Popov has both US and German citizenships, so when she wasn't playing in lower level events, she worked hard at her play and fitness in Arizona, where her parents have a home and she spends time when she doesn't is in her Florida residence. "She treated it like a little boot camp for two or three months," said Rob Rashell, her swing coach.

In addition to bringing in reruns, Popov rediscovered her winning touch and claimed her first professional trophy at a tournament. mid-April and then two of the tour's next five events. "It was important because I hadn't won in six years since I was a senior in college," said Popov, who played in Southern California. By the time the bigger tours resumed this summer, Popov had a dozen Cactus Tour events under her wing and renewed confidence.

"There's a craft to play and win regardless of the stage," said Rashell, who has been working with Popov since spring 2019. "You have to beat the players around you. You have to get used to how that feels. There is pressure no matter where you play.

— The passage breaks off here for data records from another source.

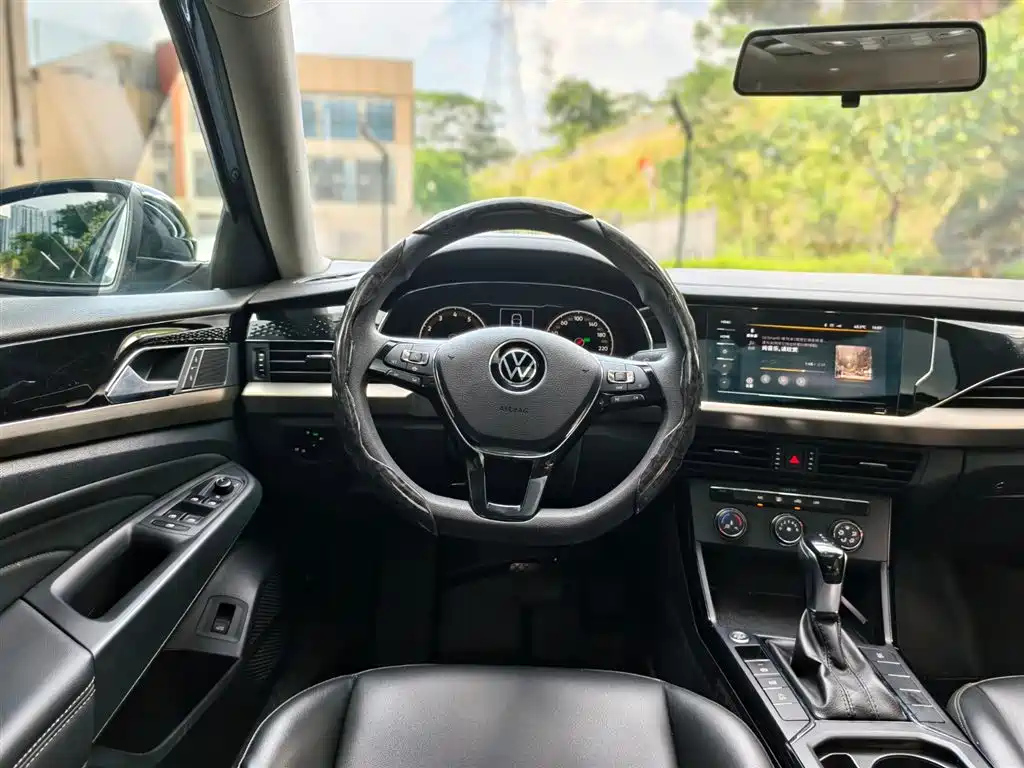 VOLKSWAGEN PASSAT 2021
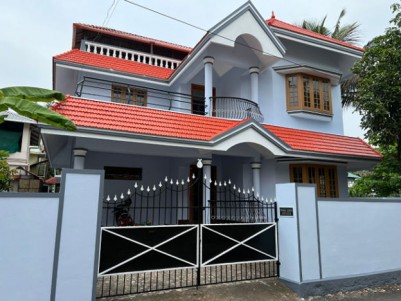 2600 Sq.ft 4 BHK House in 8 Cents for Sale at Chambakkara, Maradu, Ernakulam
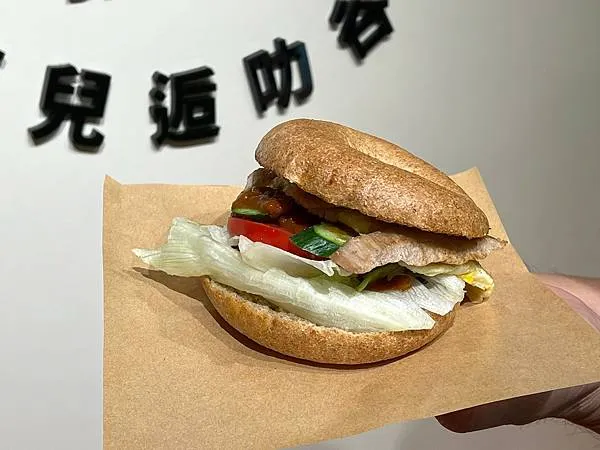 （中壢早餐）落兒逅叻谷早餐店～健康營養又美味早餐！豆皮蛋餅、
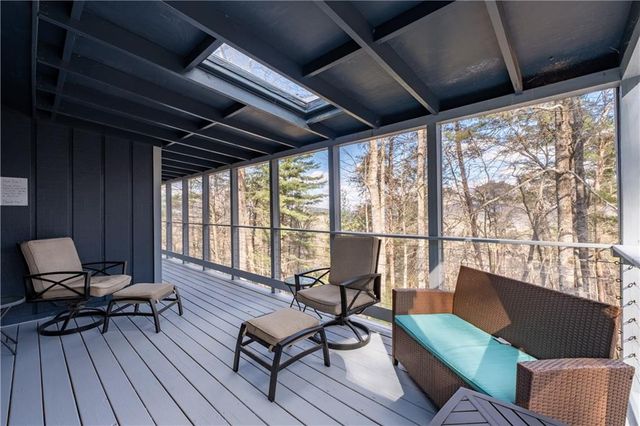 226 Mountain View Court, Ellijay, GA 30536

For the first two laps at Royal Troon, the field fought harsh weather – the wind was so strong that Popov had to use a 4-iron from 126 meters on her approach to No. 1 on day one – that put strategy and determination to the test.

Popov was supported not only by her trio of mini-tour wins, but also caddying this summer for fellow player and good friend Anne van Dam, a Dutch professional, in an LPGA event at Inverness Club in Toledo, Ohio. Popov had urged van Dam to make conservative choices that she had often shunned when playing herself. "I thought a lot more about strategic things as a caddy than as a player," said Popov. "Sometimes you don't have to be that aggressive, you don't have to go straight for the flag."

While watching the televised broadcasts of the Open, Rashell was hit by Popov's remote control. “It was amazing how many times she hit the ball pin-high,” said Rashell. Tiger Woods has talked about that. If you can fly the ball the distance you want, even if you are a little left or right, it is a super power in golf. "

Popov's competitive instincts were nurtured early in life to keep up with her older siblings in a sporty family that engaged in activities in every season." It was always a competition between the three of us, " says Nicholas, 30, who swam at the University of Arizona. “If you're not the first, you're the last. Sophia wanted to beat us, be it sports, academics or a card game.

Popov's mother was on the swim team at Stanford. Her maternal grandmother, Sabine Schwarzer, qualified to represent West Germany in the high jump at the 1960 Summer Olympics in Rome, but, recovering from injury and already moved to the United States, where her fiancé Dieter had moved don't bring them. As a tall teenager in the 1950s, Sabine was recruited to accompany her brother, Albrecht, on track and field practice.

"I saw the girls jump high, six feet, not even up to your hips," said Schwarzer. “I pulled up my skirt, took off my shoes and just jumped over it. I thought, "What's so hard about this?"

While her granddaughter was cleaning up a new bar at the British Women’s Open, Schwarzer couldn't get the broadcast on her home TV on Nantucket. She rushed to a friend's house. & # 39; I had to watch the wave. And we went crazy when Sophia won.

A talented golfer had fulfilled long-cherished opportunities. “Mentally it was a huge breakthrough,” said Popov. "I've always fought the game between my ears, more than anything, my entire golf career. That was the most important thing to me. But I still had to execute." because she's not an LPGA member. It almost didn't seem real when the money was deposited into her bank account.

“It came later in the week and you look at it and say," Man, it feels like something illegal is happening on your account, & # 39; & # 39; said Popov.

But like the career-changing victory itself, money is all on the rise.